* **Problem details**:
Restate exactly the lines below, from the one containing "David Bisbal relata" through the final line, and leave out the pictures.

* **Raw data**:
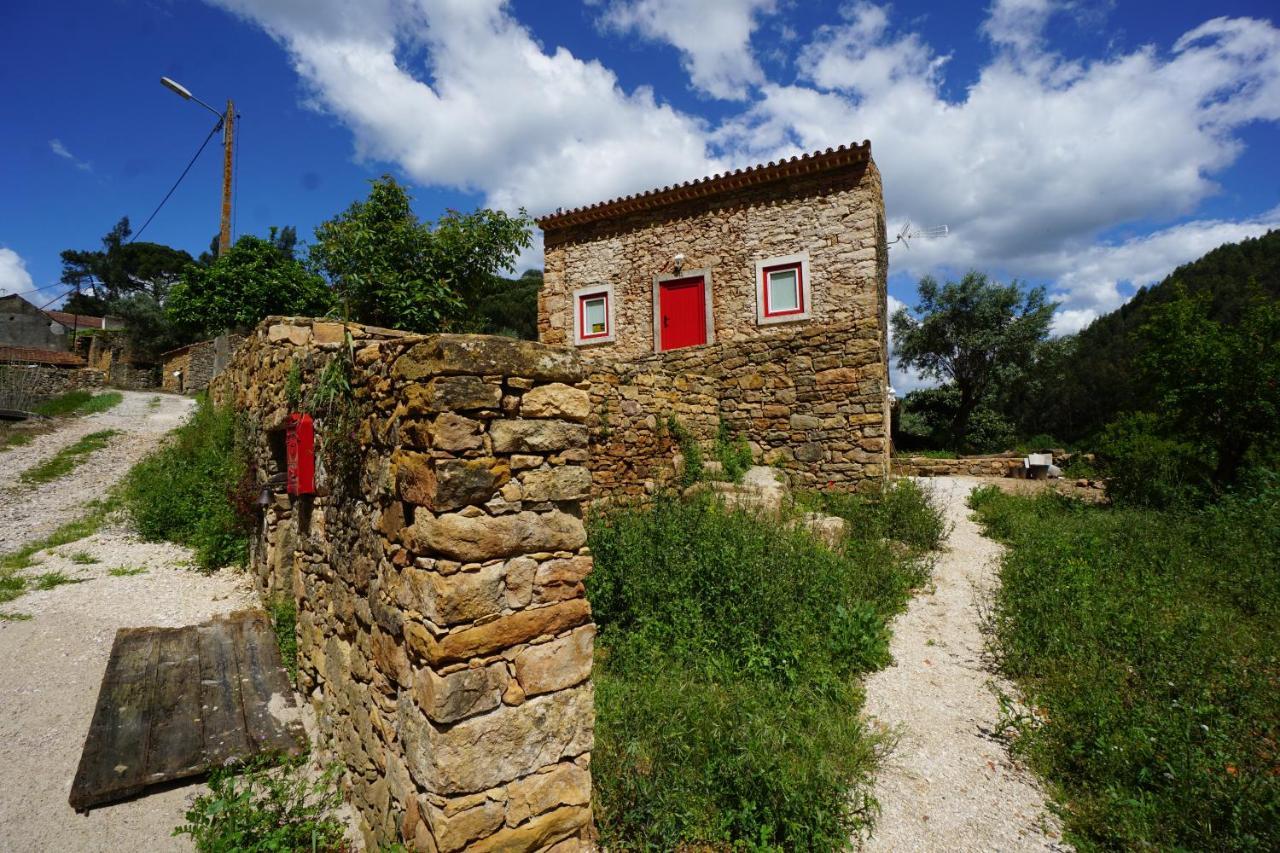 Willa Beija Rio Charming House Ferreira do Zêzere Zewnętrze zdjęcie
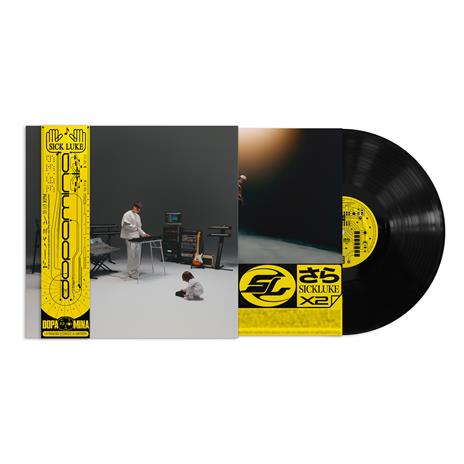 Dopamina - Vinile LP di Sick Luke
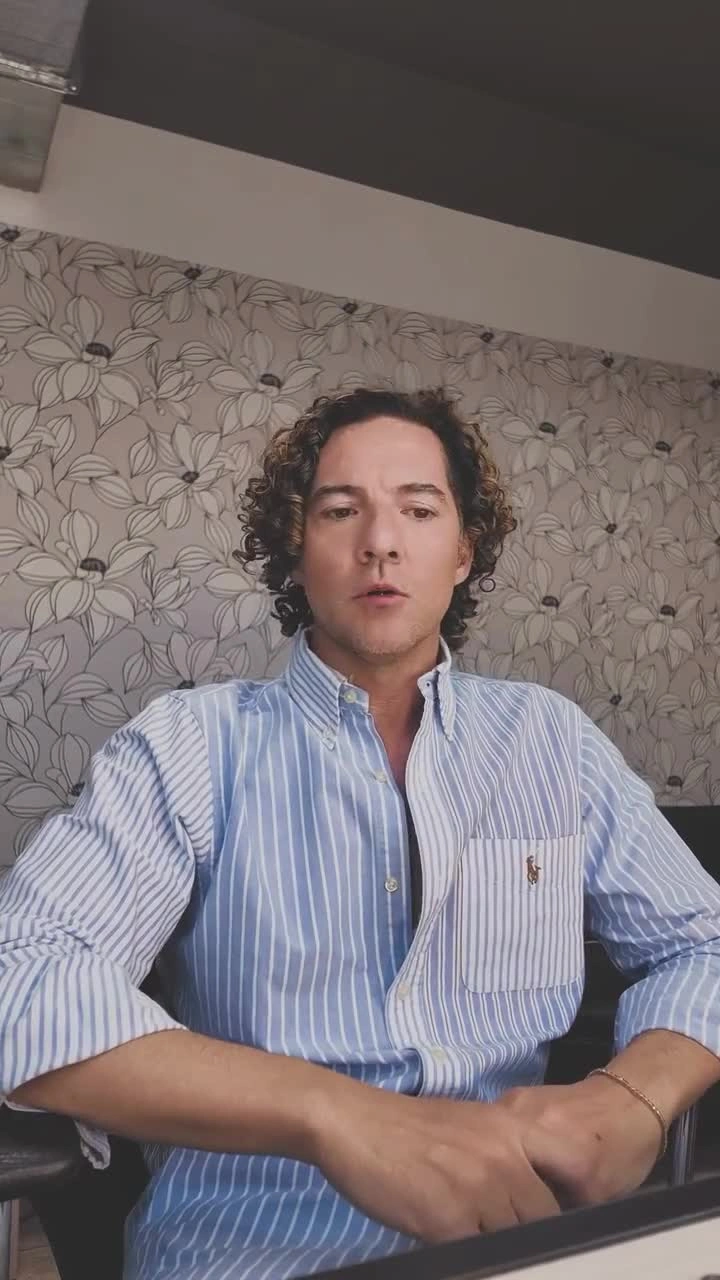 David Bisbal relata cómo ha vivido el terremoto en Colombia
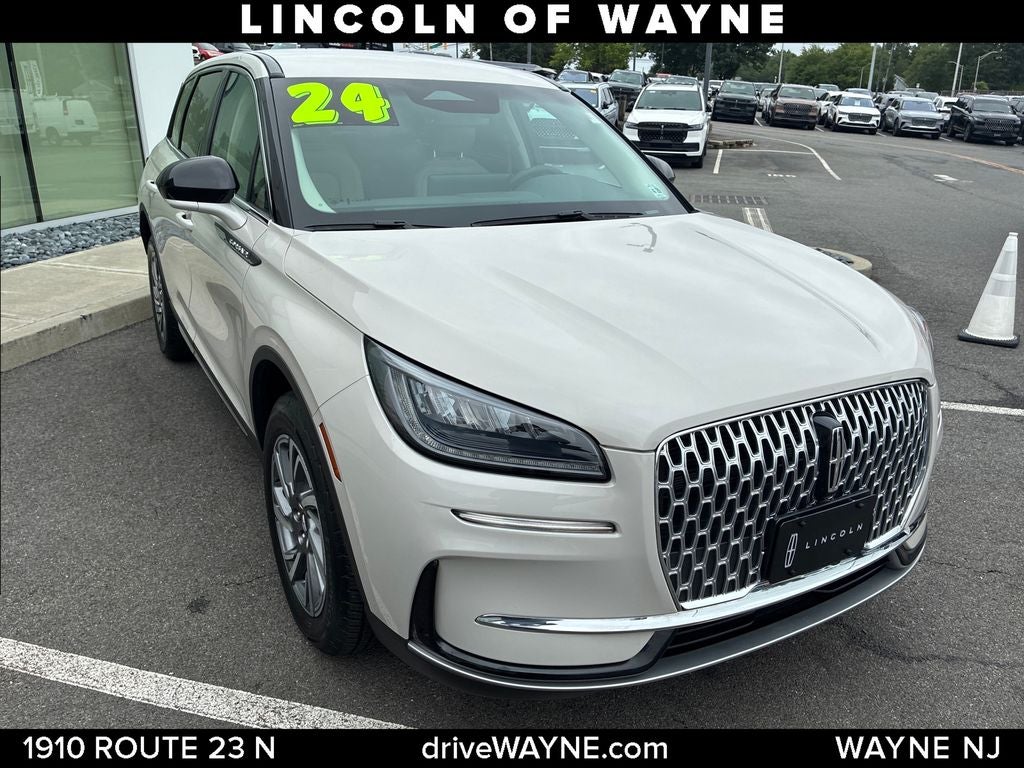 2024 Lincoln Corsair Premiere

* **Your solution**:
 David Bisbal relata cómo ha vivido el terremoto en Colombia
 2024 Lincoln Corsair Premiere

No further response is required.